Two lines in the data below mark the range: the one with "Sixth view of" and the one with "MAPLEWOOD - Residential". Return both, along with every line between them, exactly.

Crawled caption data
== Segment start ==
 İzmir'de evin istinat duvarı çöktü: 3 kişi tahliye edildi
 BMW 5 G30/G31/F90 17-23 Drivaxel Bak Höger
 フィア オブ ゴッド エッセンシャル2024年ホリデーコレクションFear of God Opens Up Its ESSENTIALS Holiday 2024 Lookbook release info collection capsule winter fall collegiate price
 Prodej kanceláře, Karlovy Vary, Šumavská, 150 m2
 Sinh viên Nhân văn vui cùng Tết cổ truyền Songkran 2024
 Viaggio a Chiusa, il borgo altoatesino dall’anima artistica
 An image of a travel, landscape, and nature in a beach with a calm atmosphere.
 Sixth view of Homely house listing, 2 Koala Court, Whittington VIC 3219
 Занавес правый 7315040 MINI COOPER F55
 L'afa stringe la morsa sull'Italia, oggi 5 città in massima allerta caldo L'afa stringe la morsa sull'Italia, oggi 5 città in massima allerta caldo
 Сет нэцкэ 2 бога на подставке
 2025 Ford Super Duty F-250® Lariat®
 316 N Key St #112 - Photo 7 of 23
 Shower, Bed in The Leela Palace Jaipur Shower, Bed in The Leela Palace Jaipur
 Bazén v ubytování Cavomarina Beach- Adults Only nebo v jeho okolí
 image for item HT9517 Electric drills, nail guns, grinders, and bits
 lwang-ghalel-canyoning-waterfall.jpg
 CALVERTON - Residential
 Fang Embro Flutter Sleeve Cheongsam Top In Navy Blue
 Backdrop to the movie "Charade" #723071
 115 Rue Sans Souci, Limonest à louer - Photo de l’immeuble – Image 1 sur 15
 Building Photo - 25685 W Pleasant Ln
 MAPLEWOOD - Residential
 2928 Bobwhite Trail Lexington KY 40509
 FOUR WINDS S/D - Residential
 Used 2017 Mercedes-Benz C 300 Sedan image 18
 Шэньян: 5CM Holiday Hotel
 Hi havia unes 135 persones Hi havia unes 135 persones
== Segment end ==
Exercise result:
 Sixth view of Homely house listing, 2 Koala Court, Whittington VIC 3219
 Занавес правый 7315040 MINI COOPER F55
 L'afa stringe la morsa sull'Italia, oggi 5 città in massima allerta caldo L'afa stringe la morsa sull'Italia, oggi 5 città in massima allerta caldo
 Сет нэцкэ 2 бога на подставке
 2025 Ford Super Duty F-250® Lariat®
 316 N Key St #112 - Photo 7 of 23
 Shower, Bed in The Leela Palace Jaipur Shower, Bed in The Leela Palace Jaipur
 Bazén v ubytování Cavomarina Beach- Adults Only nebo v jeho okolí
 image for item HT9517 Electric drills, nail guns, grinders, and bits
 lwang-ghalel-canyoning-waterfall.jpg
 CALVERTON - Residential
 Fang Embro Flutter Sleeve Cheongsam Top In Navy Blue
 Backdrop to the movie "Charade" #723071
 115 Rue Sans Souci, Limonest à louer - Photo de l’immeuble – Image 1 sur 15
 Building Photo - 25685 W Pleasant Ln
 MAPLEWOOD - Residential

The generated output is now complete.